Tenía algo más de un año sin ir a esta farmacia, ubicada en el oeste de Caracas y que forma parte de una red de farmacias sociales. En otros momentos, debido a diversas complicaciones de salud de mi mamá, asistía con bastante frecuencia. Estábamos lejos, entonces, de vivir crudamente el drama que tenemos hoy como sociedad en relación con el acceso a los medicamentos.
Estuve en esta farmacia, de nuevo, como otros tantos buscando una medicina después de haber estado en otros 10 establecimientos sin tener éxito.
La cola avanzaba rápido y no se trataba solamente de la diligencia de los 3 dependientes. En realidad hice una cuenta sencilla. De las 10 personas que estaban delante de mí en cola, 7 salieron como yo, cabizbajos, sin ninguna medicina. Algunos, ante la ausencia de los medicamentos buscados, apelaron por una suerte de premio de consolación, se llevaron una leche en polvo “fortificada” que en diversos carteles esta farmacia promocionaba como la oferta de la semana.
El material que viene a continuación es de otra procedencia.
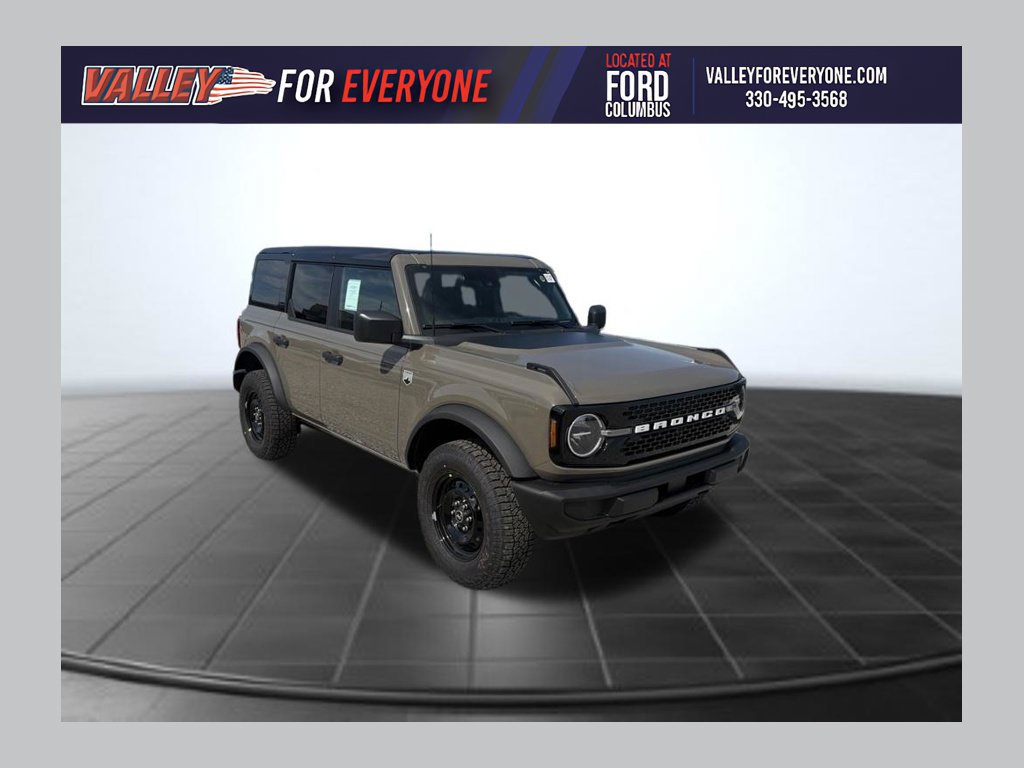 New 2026 Ford Bronco Big Bend AWD/4WD image 1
Así están no pocas farmacias. Hace un mes entré con un colega que vino de visita del exterior a una farmacia en el este de Caracas. En todos los estantes exteriores solo había chips y gaseosas, las medicinas, incluso las más usuales, brillaban por su ausencia.
Lamento ver cómo los ojos del periodismo venezolano se acostumbran a esta crisis en el ámbito de la salud, con énfasis particular en la falta de medicinas. La Federación Farmacéutica calcula en 70%-80% la escasez de medicinas. El problema termina reducido, en las notas periodísticas, a la cifra, a un número, sin contar la historia humana que hay detrás de cada medicamento que escasea.
Pasa igual con la violencia que desangra a Venezuela. Los muertos del fin de semana quedaron reducidos a una cifra, y se deja de lado lo que posiblemente es la mayor beta de historias de impacto humano que podría contar el periodismo venezolano. Volvamos a mis 30 minutos en la farmacia.
No habían pasado 5 minutos y se presentó en la farmacia una señora que, pese a no aparentarlo, ya era abuela. Venía buscando, desesperadamente como lo transmitía su voz, un conjunto de medicamentos todos para inyección intravenosa. Su nieto, según pudimos ver en los récipes que nos mostró a todos mientras nos preguntaba por los medicamentos, estaba hospitalizado en situación crítica en un hospital público.
En el hospital no había ninguno de los medicamentos, mandaron a la señora a las farmacias. Los médicos le pusieron una nota en los récipes explicando que se trataba de un caso grave. Una persona de la cola se ofreció a llamar a un laboratorio, donde tenía una amiga. Llamó, mientras todos en la farmacia seguíamos con atención. No, tampoco tenían los medicamentos.
La señora se despidió. A muchos de los que estábamos en fila nos dio su número de teléfono y hablando de la gravedad de su nieto, como si quisiera compartir la congoja que la abatía, nos pidió que le llamáramos si sabíamos algo.
El testimonio de la abuela nos ablandó. Creo que eso hizo que una mujer, tal vez en los 30 años, se abriera a contar lo que también le embargaba. Nos mostró también su récipe, se trataba de un antipsicótico para su padre.
“Mi papá dejó de tomar las medicinas, tenemos como un mes que no los conseguimos; yo todos los días al salir del trabajo paso por varias farmacias. Se nos perdió y recién lo encontramos ayer, después de tres días, sin las medicinas se me va a volver a ir y no sé qué me le pueda pasar”, nos dice la mujer, ella con voz suave, con ojos que parecen a punto de estallar en llanto.
La señora solidaria vuelve a llamar al laboratorio. Nada.
Llega mi turno, salgo del local con las manos vacías y con una sensación de vacío que me envuelve, y que percibo comparten calladamente mis compañeros de cola en la farmacia. De qué manera este régimen destruyó todo. Vivimos en la penuria, literalmente.